Short text fragments from websites:
■ ■ ■

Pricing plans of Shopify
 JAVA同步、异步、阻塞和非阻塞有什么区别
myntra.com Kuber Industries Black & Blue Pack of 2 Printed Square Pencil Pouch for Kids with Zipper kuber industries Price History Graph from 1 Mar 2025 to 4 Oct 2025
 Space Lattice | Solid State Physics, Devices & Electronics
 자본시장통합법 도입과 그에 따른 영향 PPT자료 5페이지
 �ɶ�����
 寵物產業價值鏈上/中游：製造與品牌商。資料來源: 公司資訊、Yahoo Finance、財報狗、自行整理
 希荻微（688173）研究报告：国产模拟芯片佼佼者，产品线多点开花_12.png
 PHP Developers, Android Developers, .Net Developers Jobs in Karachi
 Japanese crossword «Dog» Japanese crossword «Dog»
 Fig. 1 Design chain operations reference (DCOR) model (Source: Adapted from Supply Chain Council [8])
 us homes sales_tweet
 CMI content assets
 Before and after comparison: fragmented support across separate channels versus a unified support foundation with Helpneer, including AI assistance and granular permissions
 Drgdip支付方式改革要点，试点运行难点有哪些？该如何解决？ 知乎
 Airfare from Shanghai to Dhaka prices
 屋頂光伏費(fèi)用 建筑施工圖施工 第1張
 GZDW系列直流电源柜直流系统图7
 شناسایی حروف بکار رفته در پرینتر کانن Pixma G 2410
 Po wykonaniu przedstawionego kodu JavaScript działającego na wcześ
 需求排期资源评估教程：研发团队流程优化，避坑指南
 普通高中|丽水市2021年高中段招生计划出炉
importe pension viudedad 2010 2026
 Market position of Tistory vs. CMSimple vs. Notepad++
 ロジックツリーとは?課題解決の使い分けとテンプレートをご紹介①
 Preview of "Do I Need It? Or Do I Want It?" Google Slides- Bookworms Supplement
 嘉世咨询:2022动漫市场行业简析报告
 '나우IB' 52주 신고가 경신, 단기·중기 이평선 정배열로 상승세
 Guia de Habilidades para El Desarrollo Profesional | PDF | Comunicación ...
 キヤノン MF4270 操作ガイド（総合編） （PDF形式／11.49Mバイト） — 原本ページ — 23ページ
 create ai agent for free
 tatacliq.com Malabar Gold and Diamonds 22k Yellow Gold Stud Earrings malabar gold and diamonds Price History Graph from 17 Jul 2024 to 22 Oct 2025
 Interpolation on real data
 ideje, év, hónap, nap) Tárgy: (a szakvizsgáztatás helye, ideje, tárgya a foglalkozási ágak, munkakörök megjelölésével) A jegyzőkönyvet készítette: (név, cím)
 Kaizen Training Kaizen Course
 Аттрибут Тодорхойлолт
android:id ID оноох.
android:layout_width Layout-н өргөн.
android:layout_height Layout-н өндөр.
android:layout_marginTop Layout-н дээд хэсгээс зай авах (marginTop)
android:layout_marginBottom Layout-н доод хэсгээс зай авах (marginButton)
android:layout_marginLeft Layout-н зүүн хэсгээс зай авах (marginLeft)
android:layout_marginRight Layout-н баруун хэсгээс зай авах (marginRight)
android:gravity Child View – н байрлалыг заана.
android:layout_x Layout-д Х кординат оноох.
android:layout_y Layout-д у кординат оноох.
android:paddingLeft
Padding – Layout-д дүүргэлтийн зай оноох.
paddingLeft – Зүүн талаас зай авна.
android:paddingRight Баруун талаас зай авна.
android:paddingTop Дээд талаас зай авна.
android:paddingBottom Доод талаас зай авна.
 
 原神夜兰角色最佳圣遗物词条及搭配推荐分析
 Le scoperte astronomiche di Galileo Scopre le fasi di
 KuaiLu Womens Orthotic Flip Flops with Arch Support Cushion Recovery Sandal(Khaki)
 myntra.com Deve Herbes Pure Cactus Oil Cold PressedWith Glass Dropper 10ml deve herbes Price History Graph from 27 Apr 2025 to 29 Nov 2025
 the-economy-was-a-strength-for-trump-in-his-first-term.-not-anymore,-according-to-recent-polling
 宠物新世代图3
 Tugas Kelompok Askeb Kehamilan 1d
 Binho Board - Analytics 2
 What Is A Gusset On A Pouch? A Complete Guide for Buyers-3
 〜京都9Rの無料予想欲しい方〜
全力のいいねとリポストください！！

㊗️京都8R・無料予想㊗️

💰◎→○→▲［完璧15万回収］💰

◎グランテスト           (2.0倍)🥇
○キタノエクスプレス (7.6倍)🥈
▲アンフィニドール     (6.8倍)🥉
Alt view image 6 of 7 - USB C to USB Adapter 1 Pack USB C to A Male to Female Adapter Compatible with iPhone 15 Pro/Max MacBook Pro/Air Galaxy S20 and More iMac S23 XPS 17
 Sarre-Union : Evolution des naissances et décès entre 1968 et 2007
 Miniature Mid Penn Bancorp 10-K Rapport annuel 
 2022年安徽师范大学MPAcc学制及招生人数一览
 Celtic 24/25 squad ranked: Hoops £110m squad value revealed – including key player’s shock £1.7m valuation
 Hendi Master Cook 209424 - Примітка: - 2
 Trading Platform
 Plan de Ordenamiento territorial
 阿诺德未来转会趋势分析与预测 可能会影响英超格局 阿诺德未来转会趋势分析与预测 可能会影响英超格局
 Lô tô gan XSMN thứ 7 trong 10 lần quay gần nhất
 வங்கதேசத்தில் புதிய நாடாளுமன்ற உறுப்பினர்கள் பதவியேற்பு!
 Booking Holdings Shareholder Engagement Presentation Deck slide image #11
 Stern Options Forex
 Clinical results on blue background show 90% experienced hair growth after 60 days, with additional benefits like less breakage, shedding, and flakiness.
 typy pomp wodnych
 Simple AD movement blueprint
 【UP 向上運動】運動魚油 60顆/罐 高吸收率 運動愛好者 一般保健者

■ ■ ■

* _Task details_
Go through the lines above and count those that include "кординат"; give the total and nothing more.

* _Answer to the exercise_
2